Substantially, the kernel now appears like this:

_global__ void GALfilterKern(int sig_length, Complex *sig_d, Complex *sig, float *Energy, float *norm_b, Complex *h, Complex *E_f, Complex *E_b, Complex *k, Complex *y, Complex *err, Complex *sig_filt, Complex *Y)

And I’ve allocated all device memory in main(). E_b was a double pointer (as it is a 2M_DEFAULT+1 matrix), so I’ve “flattened” it and now it’s a 2M_DEFAULT+1 array.

Two effects:

  • The execution time is massively increased (from about 530 microsec. to about 1:20 min).

  • The results are not correct yet (even they are a litte more correct than before)

I’m comparing results with a CPU version of this algorithm. I’ve also tried to compile with -prec-div=true and -prec-sqrt=true but it’s the same. :(

I have just looked at your with bit more carefully. I have seen that ypu kArgs contains many pointers which allocated in host. and you have copied kArgs to dArgs, dArgs now contains pointers defined in host, which is not valid for Device; it is a serious mistake. before copying KArgs to dArgs you must allocate the inside pointers from GPU. In addition make sure size of pointers. If you are using 64bit Linux OS noproblem.

Thanks, but I’ve changed my kernel and now it takes single args instead of struct. Now I’ve the problems described before.

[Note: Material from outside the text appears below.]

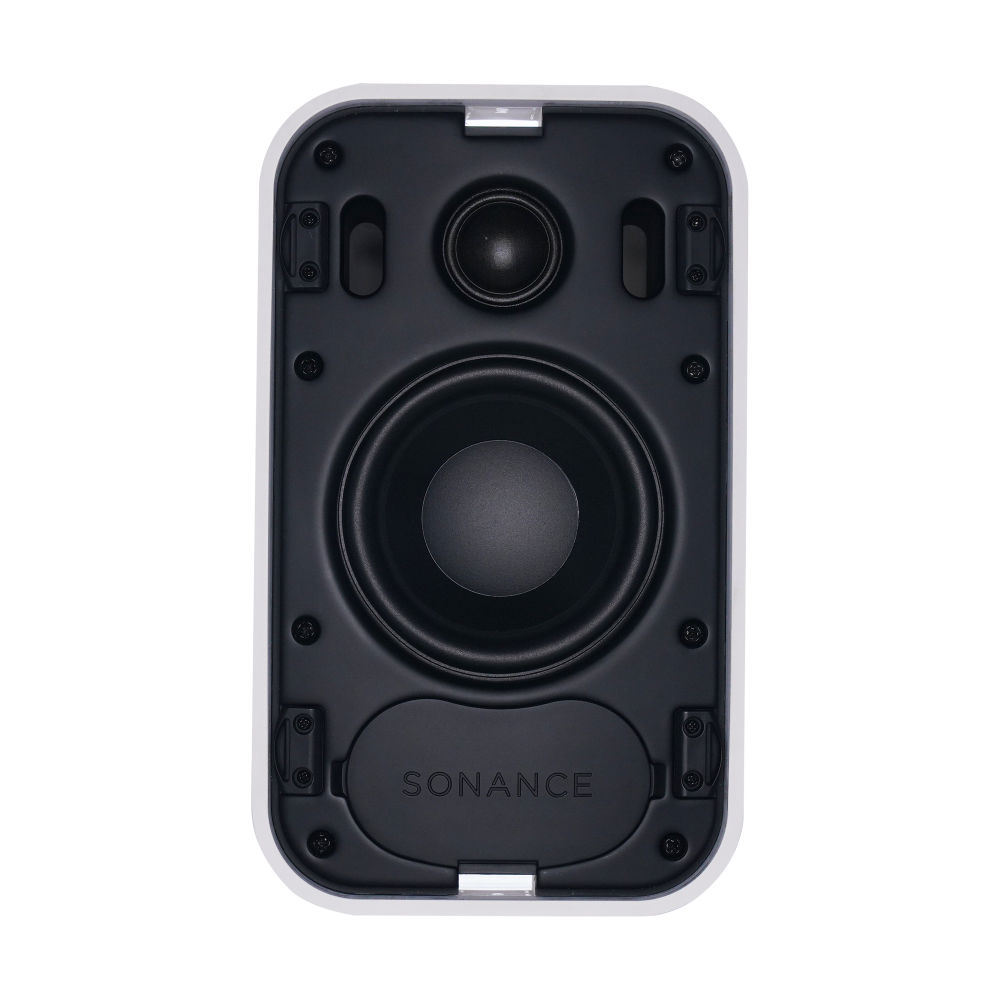 Sonance PS-S43T Mk II v bílém provedení se sejmutou mřížkou, viditelný basový a výškový měnič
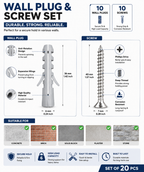 Wall Plugs & Screws Set – 10 Pcs Wall Anchors with Screws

This does not solve the problem of device pointers vs. host pointers. It just makes it a bit more obvious that you have to do something about it.

I’ve resolved that problem, because now I’ve allocated every device pointer with cudaMalloc, as SPWorley said me. In fact now I’ve results still a little different as regards the originals, but they are always the same at every kernel launch (first I had results different at every kernel launch, just because there was that problem with pointers).

Now I would know how correct these results and why it takes so long to execute.

Your speed issues are a separate problem. They come from using a single thread on a GPU (you will likely want to be running something like 256 threads on each of 1000 blocks), and from having poor memory access patterns. These are big design issues… the first will hurt you by over two orders of magnitude, the second by one order of magnitude.

But take it one step at a time. Just getting code actually running on the GPU is a satisfying subgoal.

That’s right, in fact at the moment, speed is a secondary problem. However it’s strange, because before change the code, I had one thread anyway.

The results have priority and I don’t know why they are still incorrect. :(

Before the change in code, you were crashing your kernel because you were dereferencing host pointers on the device. You were just measuring how fast the kernel can crash, not how fast your computation was.

You’re not checking for any error return from your kernel launch… that would let you print an error when a kernel fails.

Ok, thanks. Understood. ;)

Any idea concerning the results?

Another question is:

If I wanted to alloc every field of the struct in device, how can I did that? For example if I have this struct:

typedef struct {

   int *integer;

   float *floating_point;

} structure

How can I alloc integer and floating_point fields in device, since I can’t dereferencing them in host code?

It’s multiple steps, prone to error, but not too hard. But there’s no reason to… the structure gives you no advantages whatsoever, and has speed penalties because of the extra dereferencing.

But the process is to create a host structure, and populate its pointers using cudaMalloc so you have a host structure filled with device pointers. Then you cudamalloc a device structure, and cudamemcopy the host structure data into the device structure memory. Then you pass the device pointer of the device struct.

Lots of extra steps with no benefit. It can admittedly be useful when you have even more arguments (like 30+), but you’re not there yet.